Violons et alto debout, violoncelle surélevé par une petite estrade : la position adoptée par les instrumentistes leur permet de mieux faire corps avec une musique dont ils restituent la variété d’atmosphère et de texture en fuyant la sécheresse et l’intellectualisme. L’option très vécue, très incarnée des Elmire, leur intelligence organique de ce Bartók était déjà présente en 2019, mais avec le temps écoulé, les changements intervenus dans la composition du groupe et l’expérience du concert, ils ont beaucoup gagné en homogénéité et en personnalité sonore ; la portée de leur propos n’en devient que plus grande, plus aiguisée. ProQuartet avait vu juste en les accueillant parmi ses ensembles en résidence dès 2018, tout comme la Fondation Singer-Polignac où le quatuor réside présentement.
Michel Dalberto © Lyodoh Kaneko
De 1918, le Quatuor n° 2 de Bartók a pour compagnon de programme un autre chef-d’œuvre exactement contemporain, français celui-là, et pas – sûrement pas – moins grand : le Quintette en ut mineur pour piano et cordes, op. 42 de Louis Vierne. Écrit après la mort au front du fils et du frère du musicien, l’ouvrage est nourri de ces dramatiques coups du sort, auxquels s’ajoutaient la cécité de l’artiste et la mort précoce d’un premier enfant en 1913. Affreuse période ...
Une grande interprétation du Quintette op. 42 produit toujours l’effet d’un coup de poing ; tel est bien ce que l’on a ressenti lors la rencontre du Quatuor Elmire et de Michel Dalberto. La partie de clavier de l’Opus 42 trouve en ce dernier un serviteur de premier ordre capable d’en assumer la redoutable difficulté certes, mais surtout de traduire le désespoir, la violente rage dont la musique est porteuse ; état d’esprit auquel les archets adhèrent avec une non moins convaincante intensité.
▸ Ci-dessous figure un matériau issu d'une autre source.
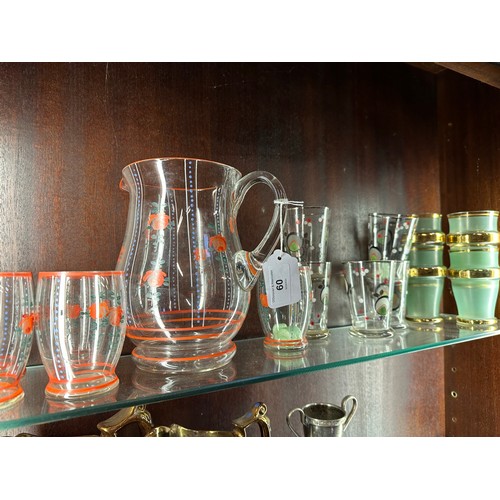 60 - A collection of hand painted glasses and a jug (10 glasses)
Musique d’une rare noirceur : on ne peut que la rapprocher de Solitude op. 44, pièce pour piano de 1918 dans laquelle "le souvenir des disparus hante le solitaire".
Les meilleures choses ont parfois une suite ; ce sera le cas pour ce Quintette op. 42 de Vierne : les interprètes le reprendront à Chambord le 9 juillet (2), dans le cadre du festival que le château accueille du 3 au 16 juillet. Le programme ne commencera pas par Bartók, mais au piano solo avec la Sonate en si mineur (choix qui fait écho au bel album lisztien que Michel Dalberto vient de signer pour La Dolce Volta). Autant dire que la soirée ne perdra rien en intensité.